__Task directions__: Beginning with the line that holds "New 2026 Load" and ending with the last line, please repeat the entries exactly and omit the pictures.

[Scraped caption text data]

┄┄┄┄┄┄┄┄┄┄

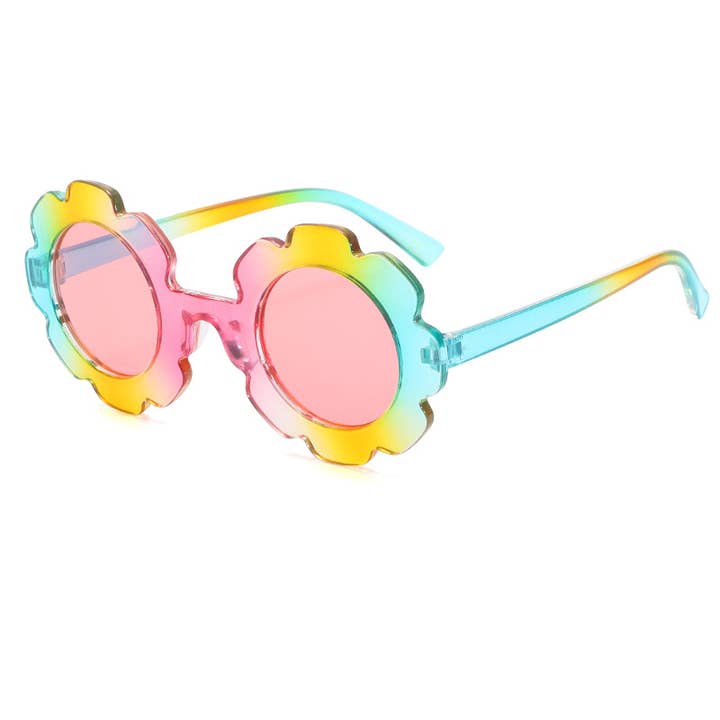 Little Trendy - Wholesale Sunglasses - Kids - Kids Toddler Gradient color cute sunflower Sunglasses10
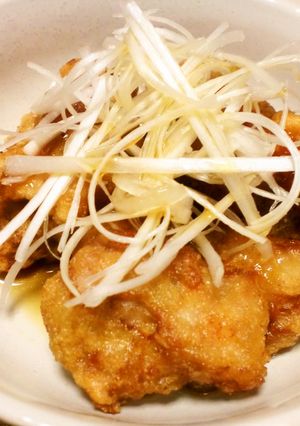 ぱぱっと！ネギぽん唐揚げ-レシピのメイン写真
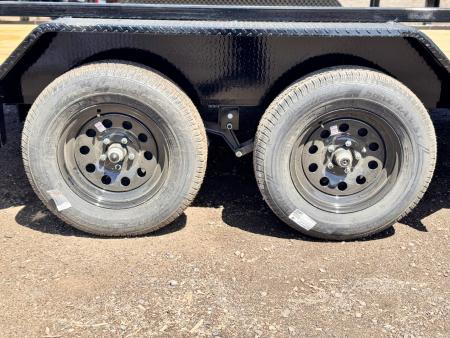 New 2026 Load Trail 7-16 Tandem Axle Ramp Gate Utility W/ ATV Ramps 7K GVWR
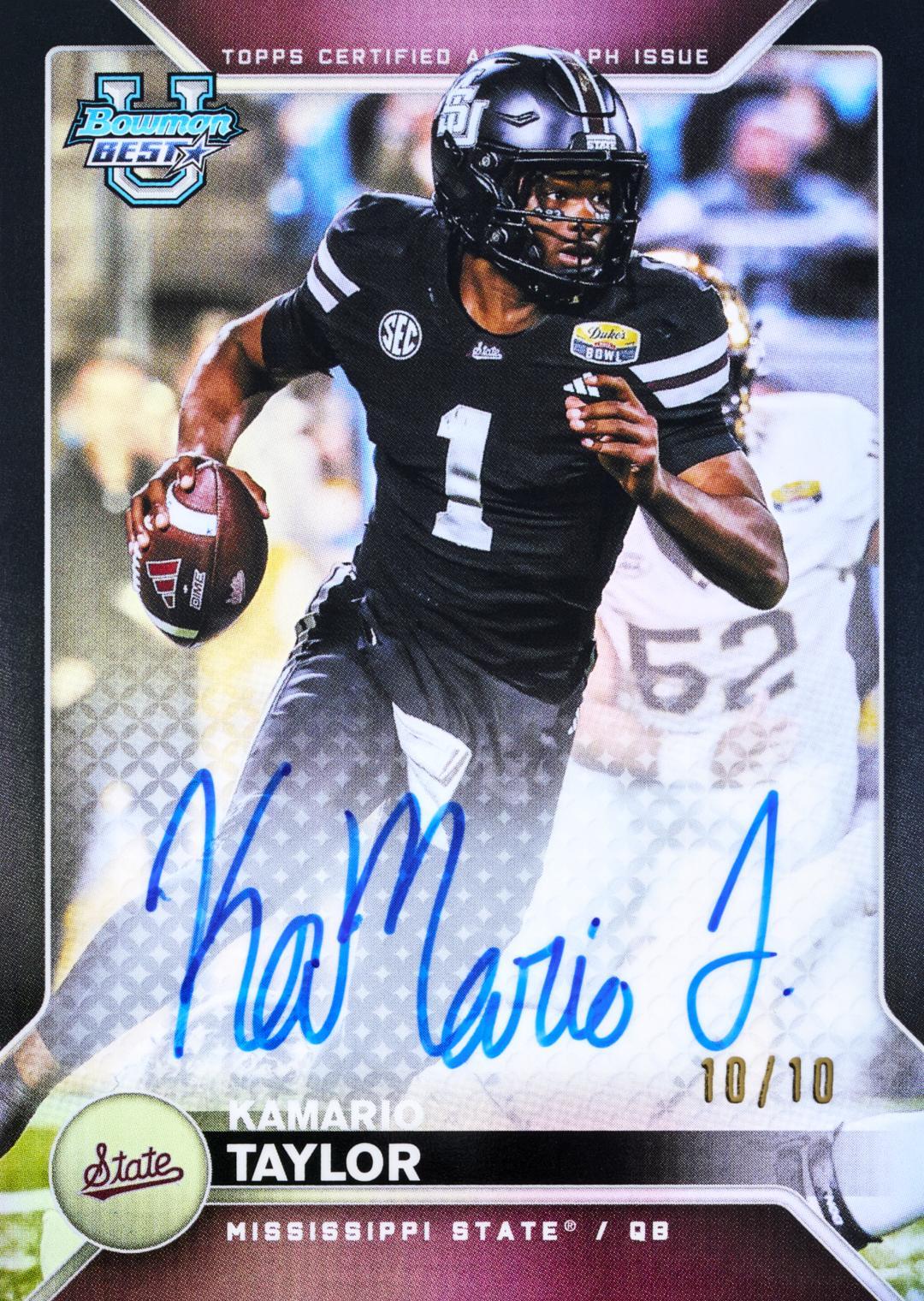 2026 Bowman Best University Football Hobby Box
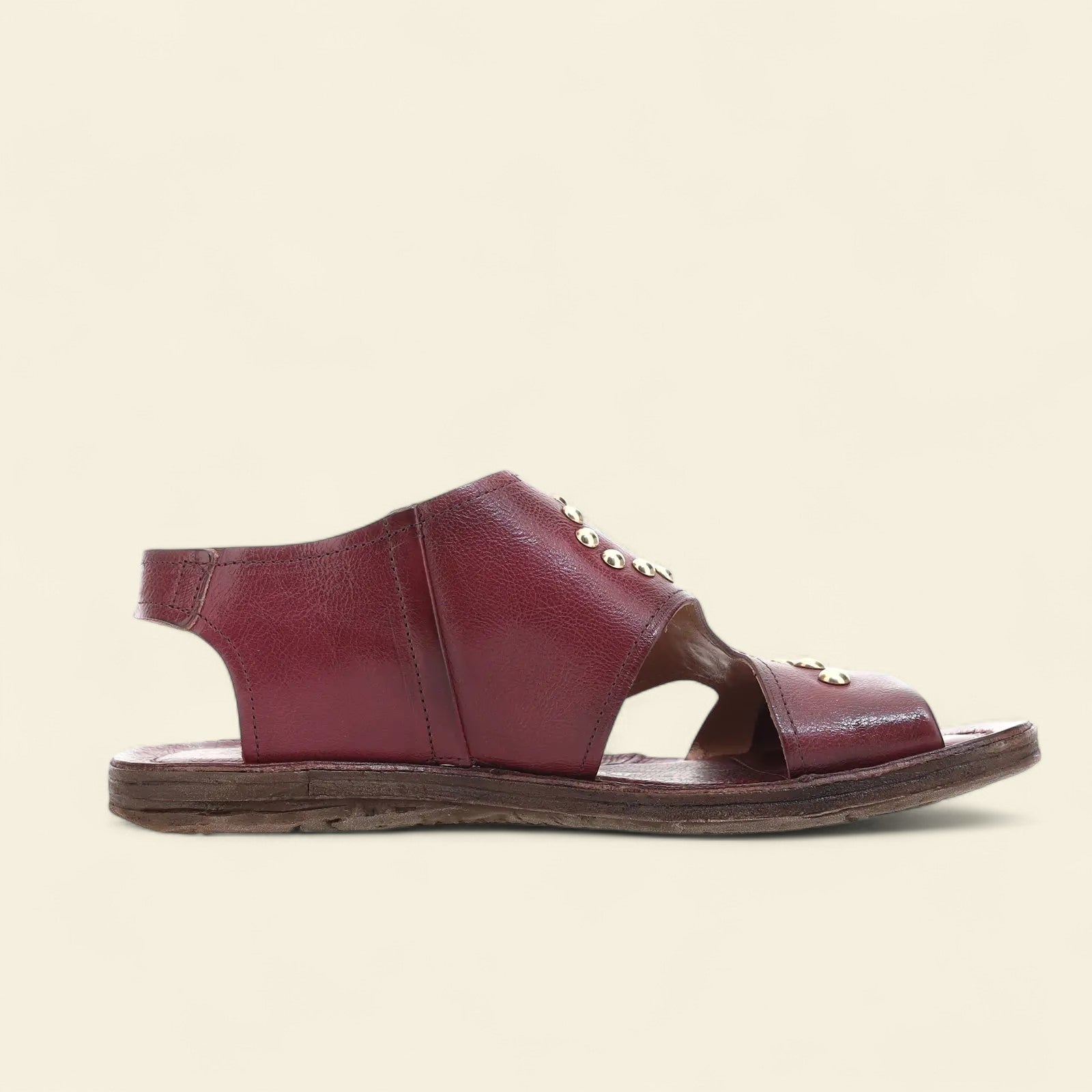 Rhomy A.S.98 Burgundy Summer 25 Leather Sandal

┄┄┄┄┄┄┄┄┄┄

__Response area__:
 New 2026 Load Trail 7-16 Tandem Axle Ramp Gate Utility W/ ATV Ramps 7K GVWR
 2026 Bowman Best University Football Hobby Box
 Rhomy A.S.98 Burgundy Summer 25 Leather Sandal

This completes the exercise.